[WHAT THE EXERCISE ASKS] Repeat nothing but the lines below running from the one containing "スチールロッカー Ceha チェハ" to the one containing "Das Forschungsschiff MARIA". Keep both end lines.

[Records from a dataset]
============================================================

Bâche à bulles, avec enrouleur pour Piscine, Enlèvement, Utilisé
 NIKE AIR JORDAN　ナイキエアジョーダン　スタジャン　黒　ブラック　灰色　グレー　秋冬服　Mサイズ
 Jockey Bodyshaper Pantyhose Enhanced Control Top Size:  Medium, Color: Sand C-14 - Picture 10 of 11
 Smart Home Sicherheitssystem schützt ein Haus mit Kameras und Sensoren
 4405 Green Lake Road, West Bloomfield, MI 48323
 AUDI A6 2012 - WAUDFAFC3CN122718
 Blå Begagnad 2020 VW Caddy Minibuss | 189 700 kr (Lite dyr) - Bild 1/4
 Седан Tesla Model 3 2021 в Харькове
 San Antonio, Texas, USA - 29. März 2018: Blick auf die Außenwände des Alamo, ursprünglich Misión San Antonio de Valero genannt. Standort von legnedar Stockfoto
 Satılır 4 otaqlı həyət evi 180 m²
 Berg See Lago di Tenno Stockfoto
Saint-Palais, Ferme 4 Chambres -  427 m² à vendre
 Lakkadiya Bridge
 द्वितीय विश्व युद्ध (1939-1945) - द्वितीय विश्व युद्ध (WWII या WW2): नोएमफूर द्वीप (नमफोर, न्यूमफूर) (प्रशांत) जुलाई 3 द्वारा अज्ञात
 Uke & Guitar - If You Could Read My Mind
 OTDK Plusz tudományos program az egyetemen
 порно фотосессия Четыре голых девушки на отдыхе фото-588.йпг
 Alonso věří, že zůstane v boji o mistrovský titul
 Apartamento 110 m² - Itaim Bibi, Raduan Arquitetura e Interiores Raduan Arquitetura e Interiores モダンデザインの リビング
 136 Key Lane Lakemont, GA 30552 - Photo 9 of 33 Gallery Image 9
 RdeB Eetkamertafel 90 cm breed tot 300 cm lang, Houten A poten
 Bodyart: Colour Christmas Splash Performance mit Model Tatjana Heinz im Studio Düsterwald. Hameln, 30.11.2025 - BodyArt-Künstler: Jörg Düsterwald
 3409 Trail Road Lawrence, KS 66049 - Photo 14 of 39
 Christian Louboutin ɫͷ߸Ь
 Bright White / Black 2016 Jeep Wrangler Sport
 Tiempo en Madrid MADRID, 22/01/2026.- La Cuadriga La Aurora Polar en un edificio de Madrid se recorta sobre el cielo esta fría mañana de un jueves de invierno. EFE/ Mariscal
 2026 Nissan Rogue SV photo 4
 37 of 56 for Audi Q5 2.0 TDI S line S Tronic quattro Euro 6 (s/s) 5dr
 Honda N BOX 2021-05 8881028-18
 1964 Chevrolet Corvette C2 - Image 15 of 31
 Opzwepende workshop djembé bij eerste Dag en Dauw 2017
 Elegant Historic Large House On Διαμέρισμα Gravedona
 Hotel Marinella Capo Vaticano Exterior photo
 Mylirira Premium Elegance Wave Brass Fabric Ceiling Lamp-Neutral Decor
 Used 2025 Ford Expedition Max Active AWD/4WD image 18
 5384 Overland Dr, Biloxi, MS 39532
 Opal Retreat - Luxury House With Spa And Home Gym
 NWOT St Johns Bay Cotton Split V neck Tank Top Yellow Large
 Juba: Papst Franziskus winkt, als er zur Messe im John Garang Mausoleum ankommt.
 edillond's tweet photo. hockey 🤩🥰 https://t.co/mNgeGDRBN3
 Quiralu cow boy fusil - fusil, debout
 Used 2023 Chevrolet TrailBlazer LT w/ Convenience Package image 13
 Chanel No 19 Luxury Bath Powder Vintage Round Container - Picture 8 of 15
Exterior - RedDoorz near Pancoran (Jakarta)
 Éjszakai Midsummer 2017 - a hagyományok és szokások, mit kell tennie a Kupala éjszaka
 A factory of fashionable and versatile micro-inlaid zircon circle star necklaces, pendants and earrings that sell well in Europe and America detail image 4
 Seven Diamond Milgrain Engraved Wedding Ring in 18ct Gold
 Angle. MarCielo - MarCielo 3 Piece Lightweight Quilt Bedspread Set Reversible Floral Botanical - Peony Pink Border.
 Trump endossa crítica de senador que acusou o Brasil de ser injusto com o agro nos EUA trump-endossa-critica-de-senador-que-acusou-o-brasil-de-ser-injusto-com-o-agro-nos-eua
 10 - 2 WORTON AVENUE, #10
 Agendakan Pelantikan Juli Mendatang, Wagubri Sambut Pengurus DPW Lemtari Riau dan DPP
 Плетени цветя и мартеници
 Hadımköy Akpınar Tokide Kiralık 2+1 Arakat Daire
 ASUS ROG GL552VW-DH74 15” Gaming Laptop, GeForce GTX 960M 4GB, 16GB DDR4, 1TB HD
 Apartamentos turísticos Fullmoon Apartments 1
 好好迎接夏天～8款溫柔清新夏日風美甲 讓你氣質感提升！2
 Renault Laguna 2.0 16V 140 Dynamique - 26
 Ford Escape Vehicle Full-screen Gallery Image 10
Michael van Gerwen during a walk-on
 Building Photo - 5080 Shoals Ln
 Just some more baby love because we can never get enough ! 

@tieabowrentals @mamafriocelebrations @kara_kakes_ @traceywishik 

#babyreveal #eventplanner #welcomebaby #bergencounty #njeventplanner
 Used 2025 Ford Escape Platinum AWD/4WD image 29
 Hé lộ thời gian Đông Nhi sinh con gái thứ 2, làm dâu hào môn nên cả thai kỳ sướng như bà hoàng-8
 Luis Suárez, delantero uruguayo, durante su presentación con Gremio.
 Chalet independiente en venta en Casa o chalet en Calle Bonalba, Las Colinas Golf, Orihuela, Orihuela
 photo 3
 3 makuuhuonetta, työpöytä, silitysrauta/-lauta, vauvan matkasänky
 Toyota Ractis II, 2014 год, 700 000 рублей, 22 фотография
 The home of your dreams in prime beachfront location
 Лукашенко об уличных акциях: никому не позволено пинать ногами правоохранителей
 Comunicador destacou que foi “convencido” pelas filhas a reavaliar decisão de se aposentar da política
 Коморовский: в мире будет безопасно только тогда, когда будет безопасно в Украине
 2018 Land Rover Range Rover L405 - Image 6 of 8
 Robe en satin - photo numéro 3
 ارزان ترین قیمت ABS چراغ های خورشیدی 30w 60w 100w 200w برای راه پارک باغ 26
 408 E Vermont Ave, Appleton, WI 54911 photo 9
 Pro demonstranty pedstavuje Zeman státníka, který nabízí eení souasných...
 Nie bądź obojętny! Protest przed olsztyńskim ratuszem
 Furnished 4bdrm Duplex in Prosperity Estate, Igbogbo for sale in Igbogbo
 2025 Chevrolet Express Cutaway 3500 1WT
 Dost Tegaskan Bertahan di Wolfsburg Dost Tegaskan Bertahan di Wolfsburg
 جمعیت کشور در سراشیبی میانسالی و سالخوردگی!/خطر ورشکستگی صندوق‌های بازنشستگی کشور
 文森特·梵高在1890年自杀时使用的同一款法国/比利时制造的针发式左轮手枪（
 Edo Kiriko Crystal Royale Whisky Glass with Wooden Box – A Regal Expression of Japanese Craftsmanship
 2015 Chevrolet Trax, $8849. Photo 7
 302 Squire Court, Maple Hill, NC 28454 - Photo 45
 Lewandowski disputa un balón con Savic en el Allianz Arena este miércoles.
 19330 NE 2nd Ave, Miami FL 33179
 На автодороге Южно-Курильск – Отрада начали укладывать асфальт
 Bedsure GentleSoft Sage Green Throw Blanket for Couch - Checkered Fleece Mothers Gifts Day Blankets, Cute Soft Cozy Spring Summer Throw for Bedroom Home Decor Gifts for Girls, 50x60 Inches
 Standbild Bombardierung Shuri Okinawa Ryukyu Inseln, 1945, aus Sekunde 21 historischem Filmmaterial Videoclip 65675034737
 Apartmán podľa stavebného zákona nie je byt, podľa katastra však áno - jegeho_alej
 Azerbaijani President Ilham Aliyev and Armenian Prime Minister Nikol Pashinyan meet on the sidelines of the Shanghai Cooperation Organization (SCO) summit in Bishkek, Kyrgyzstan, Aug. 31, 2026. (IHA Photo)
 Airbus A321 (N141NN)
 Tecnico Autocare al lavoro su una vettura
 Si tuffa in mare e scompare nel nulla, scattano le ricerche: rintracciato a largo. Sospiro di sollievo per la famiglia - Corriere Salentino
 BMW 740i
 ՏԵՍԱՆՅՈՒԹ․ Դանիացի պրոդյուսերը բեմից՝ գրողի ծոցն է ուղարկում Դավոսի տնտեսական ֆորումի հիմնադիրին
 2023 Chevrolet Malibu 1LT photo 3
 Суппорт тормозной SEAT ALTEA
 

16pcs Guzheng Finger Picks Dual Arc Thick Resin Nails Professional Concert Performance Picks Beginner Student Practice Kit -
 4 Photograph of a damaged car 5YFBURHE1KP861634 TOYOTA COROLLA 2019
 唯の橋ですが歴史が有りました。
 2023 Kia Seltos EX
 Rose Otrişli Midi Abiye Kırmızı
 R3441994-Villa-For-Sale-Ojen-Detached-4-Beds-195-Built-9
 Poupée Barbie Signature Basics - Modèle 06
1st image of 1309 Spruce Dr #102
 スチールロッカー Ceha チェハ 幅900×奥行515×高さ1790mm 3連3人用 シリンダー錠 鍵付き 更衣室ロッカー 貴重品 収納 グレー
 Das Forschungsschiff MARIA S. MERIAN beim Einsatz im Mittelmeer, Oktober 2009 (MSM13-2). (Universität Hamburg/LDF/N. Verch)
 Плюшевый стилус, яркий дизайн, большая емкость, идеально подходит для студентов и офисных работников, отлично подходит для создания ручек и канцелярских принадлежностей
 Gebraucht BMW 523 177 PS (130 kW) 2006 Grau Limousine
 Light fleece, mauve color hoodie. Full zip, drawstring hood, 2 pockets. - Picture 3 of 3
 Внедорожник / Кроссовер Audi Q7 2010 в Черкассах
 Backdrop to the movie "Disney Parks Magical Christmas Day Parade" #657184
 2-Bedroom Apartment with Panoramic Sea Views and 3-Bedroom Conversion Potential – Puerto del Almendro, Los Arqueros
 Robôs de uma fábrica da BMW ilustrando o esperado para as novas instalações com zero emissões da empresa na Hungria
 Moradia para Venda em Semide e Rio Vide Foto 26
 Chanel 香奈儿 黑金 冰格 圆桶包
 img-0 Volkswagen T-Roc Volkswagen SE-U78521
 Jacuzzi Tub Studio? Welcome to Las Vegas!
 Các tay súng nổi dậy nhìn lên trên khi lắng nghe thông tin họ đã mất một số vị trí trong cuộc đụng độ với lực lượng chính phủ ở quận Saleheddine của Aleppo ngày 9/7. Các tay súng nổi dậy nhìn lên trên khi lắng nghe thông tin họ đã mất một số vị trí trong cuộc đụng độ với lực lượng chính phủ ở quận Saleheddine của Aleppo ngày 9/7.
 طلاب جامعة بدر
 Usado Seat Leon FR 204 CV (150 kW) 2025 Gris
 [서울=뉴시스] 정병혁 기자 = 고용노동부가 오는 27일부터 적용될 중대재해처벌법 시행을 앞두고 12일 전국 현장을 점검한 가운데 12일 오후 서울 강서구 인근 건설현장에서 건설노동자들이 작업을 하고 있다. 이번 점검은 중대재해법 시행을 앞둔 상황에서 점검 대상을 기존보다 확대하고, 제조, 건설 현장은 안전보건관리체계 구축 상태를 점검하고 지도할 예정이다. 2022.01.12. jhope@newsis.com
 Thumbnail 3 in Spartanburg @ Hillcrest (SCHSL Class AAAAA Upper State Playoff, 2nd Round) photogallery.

============================================================

[TASK OUTPUT]
 スチールロッカー Ceha チェハ 幅900×奥行515×高さ1790mm 3連3人用 シリンダー錠 鍵付き 更衣室ロッカー 貴重品 収納 グレー
 Das Forschungsschiff MARIA S. MERIAN beim Einsatz im Mittelmeer, Oktober 2009 (MSM13-2). (Universität Hamburg/LDF/N. Verch)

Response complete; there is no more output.